Competitive Rankings and FRC Elo

I’d like to preface this post with saying this project was inspired by some of Caleb Sykes’ recent postings on FRC Elo. They’re really worth checking out if you’re into statistics.

Recently, a little game called Overwatch has been consuming my life, specifically the competitive scene. I decided to try and run some simulations on FRC Matches as if they were ranked like a video-game competitive/ranked mode, and this is the result.

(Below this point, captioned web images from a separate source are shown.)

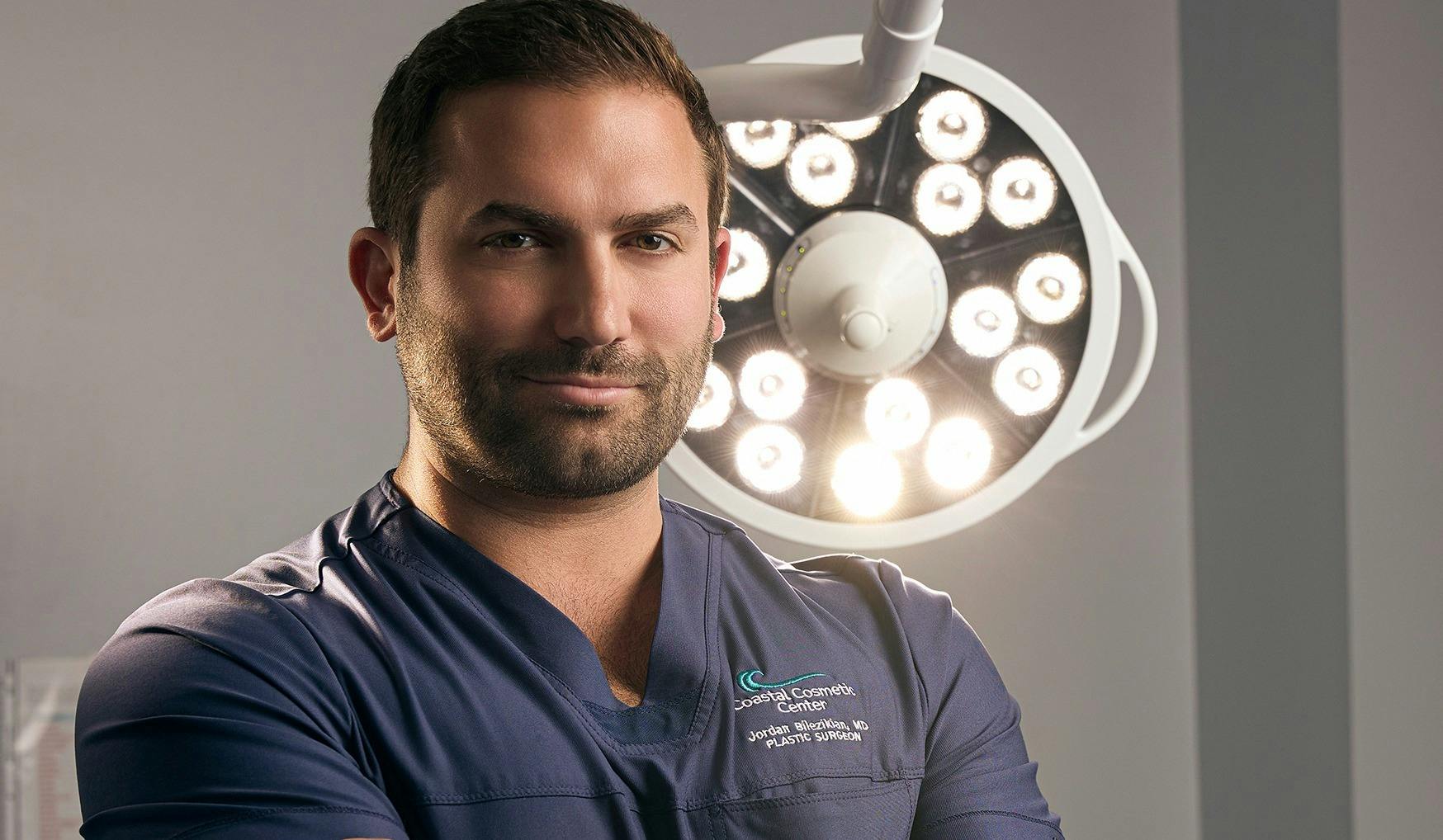 doctor crossing his arms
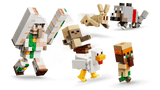 21592 Lego Minecraft Attacco nel deserto del fantino di polli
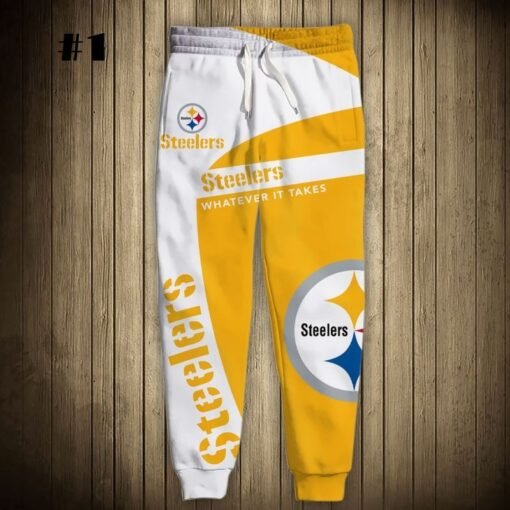 Steelers Sweatpants - Image 2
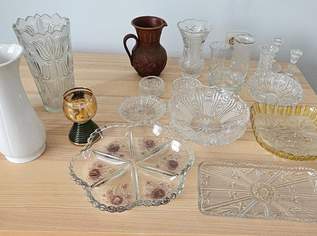 Sammlerstücke Bleikristall und Vasen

All teams start at 2500, and their rank is adjusted up and down depending on a few factors, including: Win/loss/tie, Win Streaks, and Winning Margin. This is done using the Elo ranking system. The maximum rating is 5000, and the minimum 0.

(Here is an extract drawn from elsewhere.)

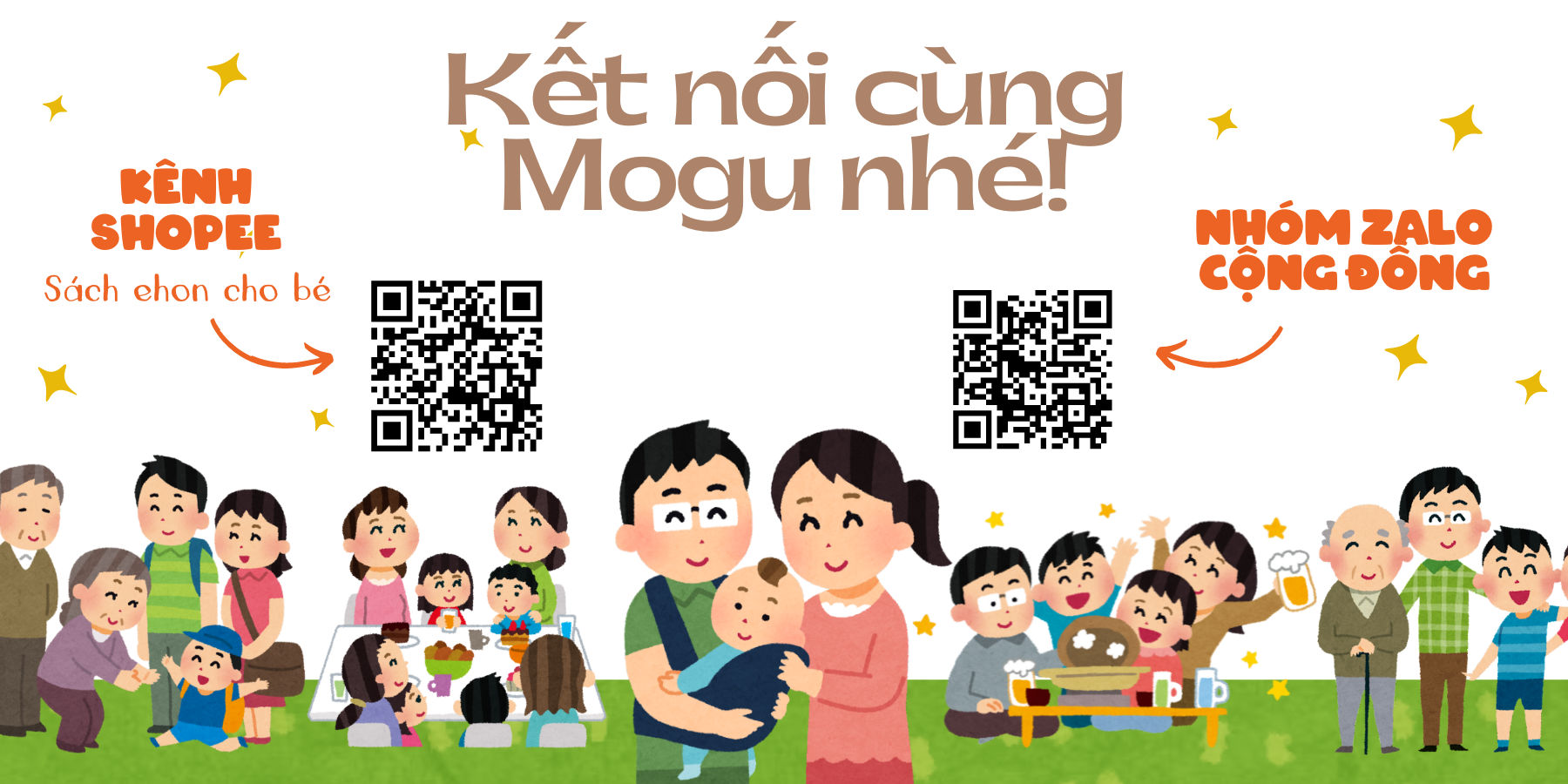 Kết nối cùng Mogu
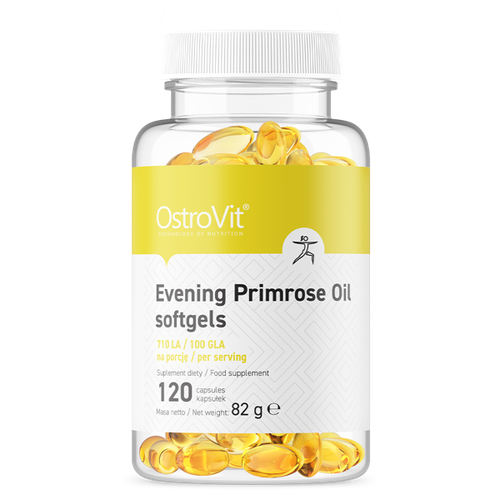 Teunisbloemolie - 120 Softgels - OstroVit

The tiers are the same as Overwatch, that is:
Bronze: 0 - 1499
Silver: 1500 - 1999
Gold: 2000 - 2499
Platinum: 2500 - 2999
Diamond: 3000 - 3499
Master: 3500 - 3999
Grandmaster: 4000+

http://i.imgur.com/qVXZcBn.png

Here we can see the distribution of all the ranks among teams. It ends up following a bell (normal distribution) curve.

Focusing on the ranks themselves (not the ratings), we can see roughly where everyone ends up

http://i.imgur.com/VxwtYCx.png

You can check where your team lands in this file here, and also view the code that runs it here.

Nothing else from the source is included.